Heute sind rund 1500 Individualflaschen auf dem Markt. Besonders in der Bierindustrie ist den großen Marken ihr Wiedererkennungswert wichtig. Hasseröder verkauft sein Bier in einem sechseckigen Flaschenhals, Bitburger und Veltins lassen ihre Namen auf die Flasche prägen. So wollen sie sich von der Konkurrenz abheben und ihre Produkte individuell vermarkten. Bei Mehrwegflaschen aus der jeweiligen Region, die dann als Leergut zurückgebracht werden, sei das kein Problem, sagt Dött: „Da sieht die Bilanz naturgemäß besser aus.“ Besonders Umweltlobbyisten werben neben der Regionalität damit, dass Mehrwegflaschen bis zu 70 Mal wieder befüllt werden können. Doch auch das hat sich in den letzten Jahren verändert. Eine Studie der Unternehmensberatung Deloitte von 2013, die im Auftrag von der Bundesvereinigung der Deutschen Ernährungsindustrie und dem Handelsverband Deutschland in den Abfüllbetrieben vor Ort erstmals breitflächig gezählt hat, zeigt, dass zum Beispiel individuelle Bier-Mehrwegflaschen im Durschnitt nur viermal wieder befüllt werden, wenn kein Tauschgeschäft stattfindet. Nimmt man dagegen an, dass ein Tauschgeschäft zu 100 Prozent stattfindet, was – siehe Rhodius – nicht passiert, können nur 23 Umläufe erreicht werden. Die tatsächliche Zahl der Wiederbefüllungen liegt irgendwo zwischen vier und 23 Umläufen und damit weit unter der von Umweltaktivisten genannten Zahl von 70 Befüllungen.

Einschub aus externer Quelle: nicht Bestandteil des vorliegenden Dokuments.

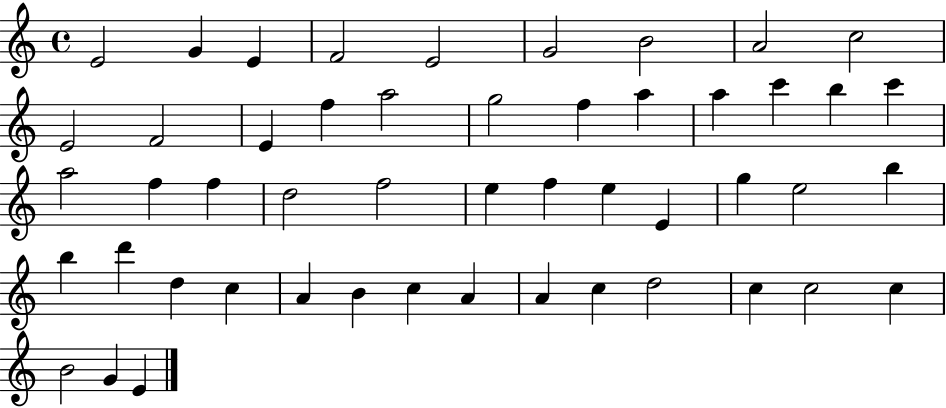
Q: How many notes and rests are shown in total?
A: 50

Nicht nur die eigenen, sondern auch viele Fremdflaschen kommen bei Rhodius wieder an und müssen sortiert werden / © Mittelstandsmagazin

Einweg wichtiges Standbein für den Mittelstand

Mehrweg ist schon lange nicht mehr das einzige Standbein von mittelständischen Getränkeherstellern. Bei einer aktuellen Mehrweg-Quote von 45,5 Prozent haben die Hersteller auf die veränderten Bedürfnisse der Verbraucher in den letzten Jahren reagiert und auch auf Einweg gesetzt. „Nur mit Mehrweg könnten wir unser Unternehmen nicht so erfolgreich führen“, sagt Frauke Helf von Rhodius. Seit neun Jahren arbeitet sie im Betrieb, der seit Jahrzehnten familiengeführt ist. Im Juli 2017 übernahm sie die Geschäftsführung, die sie sich unter anderem mit ihrem Bruder Hannes Tack teilt. „Wir wollen das auf den Markt bringen, was der Verbraucher sich wünscht“, sagt Helf. Der Konsument solle darüber entscheiden, welches Produkt er kaufen möchte. Denn Einweg hat viele Vorteile: Statt einen rund 20-Kilogramm-schweren Kasten Mineralwasser nach Hause zu schleppen, greifen viele Konsumenten auf die deutlich leichteren PET-Sixpacks zurück, die in der Regel nur sieben Kilogramm wiegen. Und auch für unterwegs greifen viele zur PET-Flasche oder Dose, da sie handlicher, stabiler und einfacher zu transportieren sind.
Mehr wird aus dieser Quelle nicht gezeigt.